RECORDED INFORMATION:
• • • • • • •
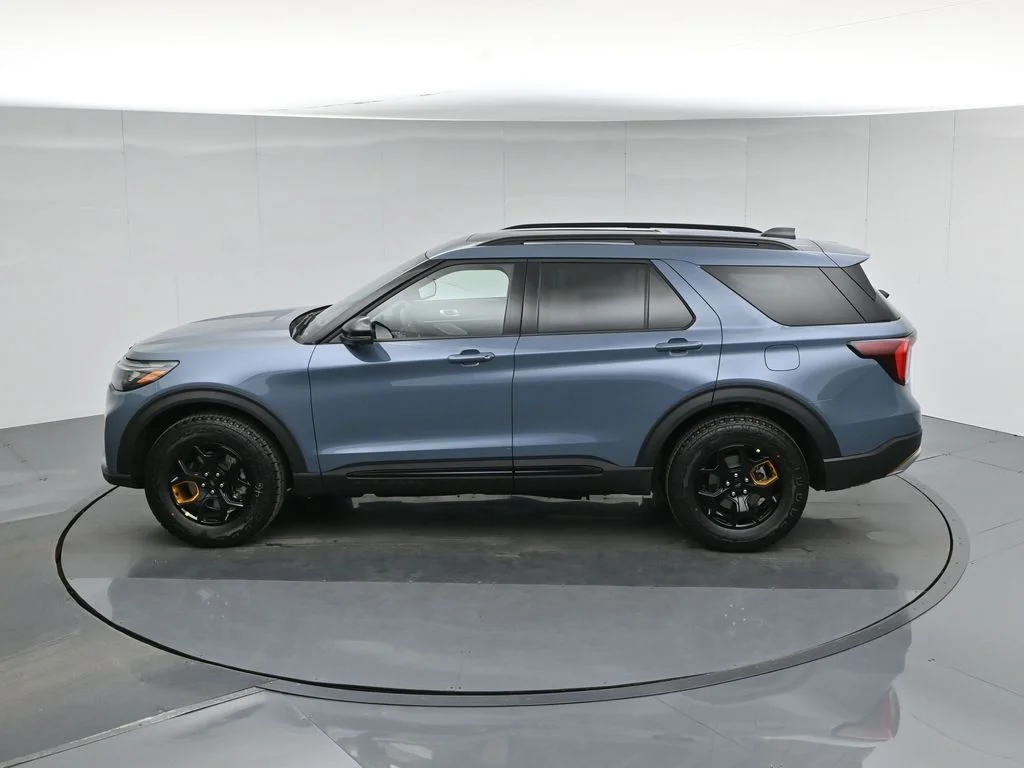 New 2026 Blue Ford Tremor image 40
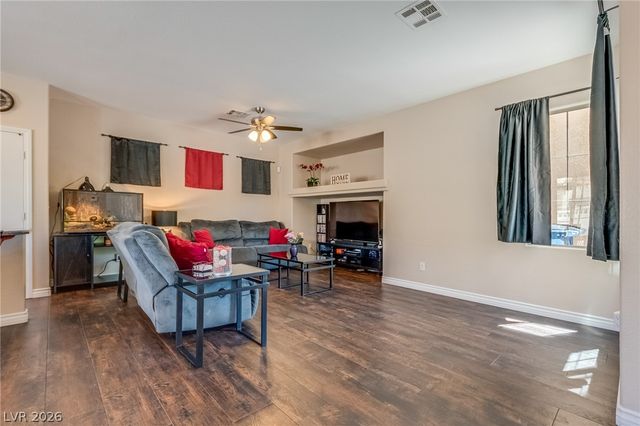 6329 Orions Tool Street, North Las Vegas, NV 89031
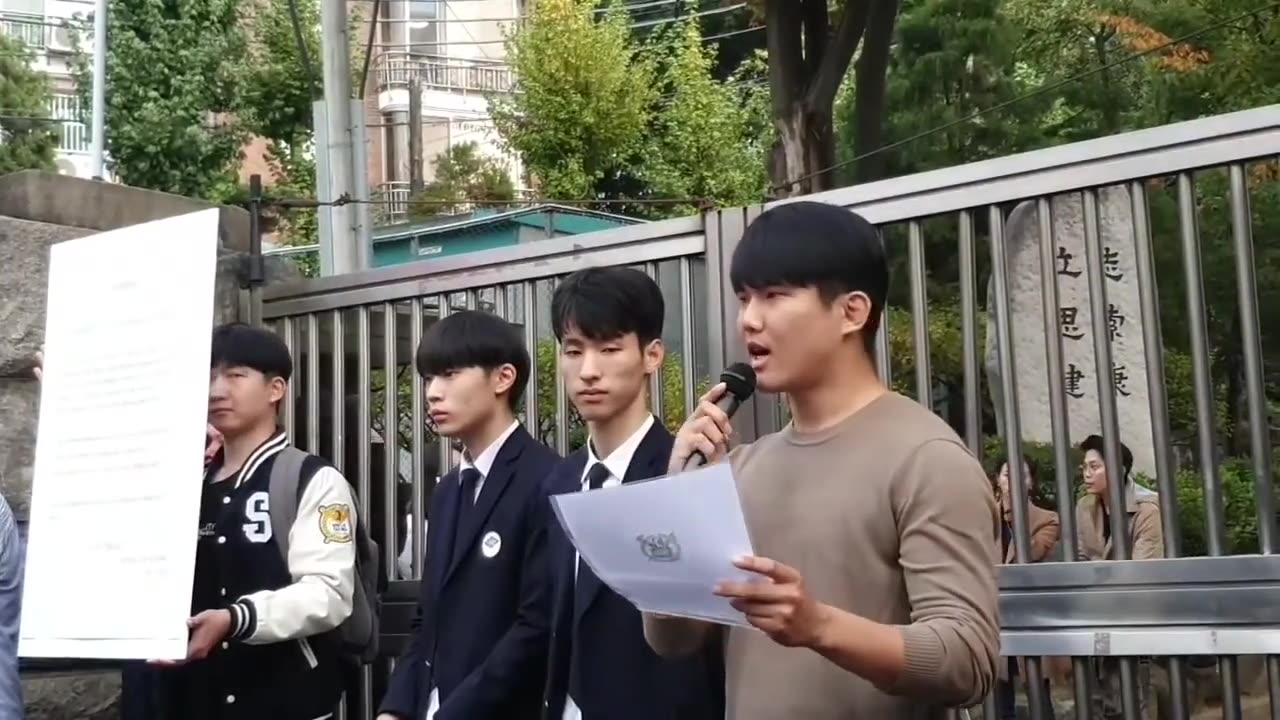 20191110_V3_S03(QgPO8NGbn84)형들이 못하는것을 아우들이 행함에 서울대생들도 응원의 목소리를 보내다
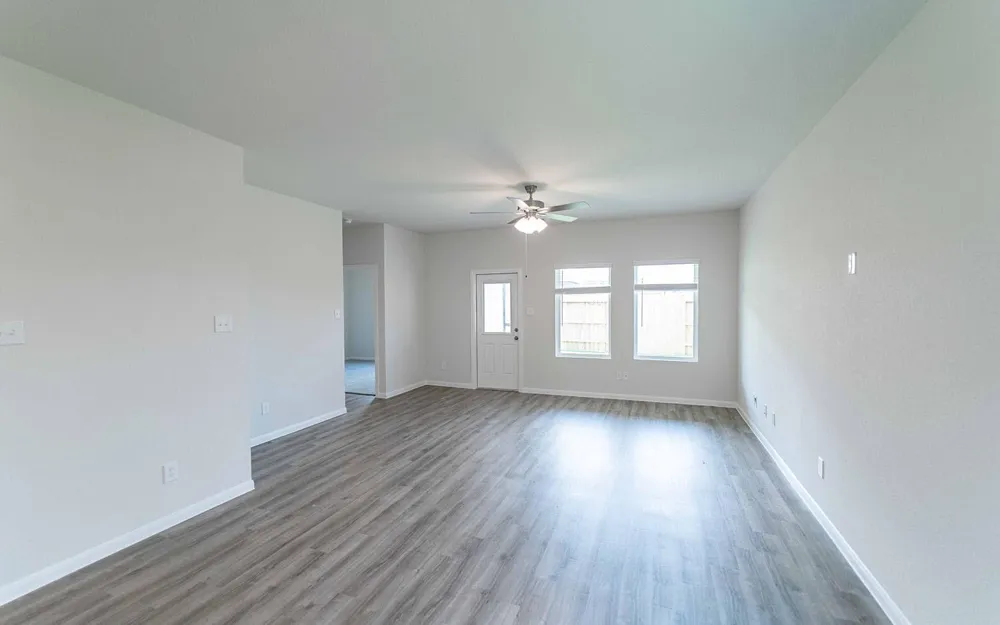 4326 Maple Root Lane Pinehurst, TX 77362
• • • • • • •
TASK TO CARRY OUT:
Each line from the line containing "20191110_V3_S03(QgPO8NGbn84)형들이 못하는것을 아우들이" through the final line of the data above must be retyped exactly; nothing else, and no pictures, may appear.

OUTPUT:
 20191110_V3_S03(QgPO8NGbn84)형들이 못하는것을 아우들이 행함에 서울대생들도 응원의 목소리를 보내다
 4326 Maple Root Lane Pinehurst, TX 77362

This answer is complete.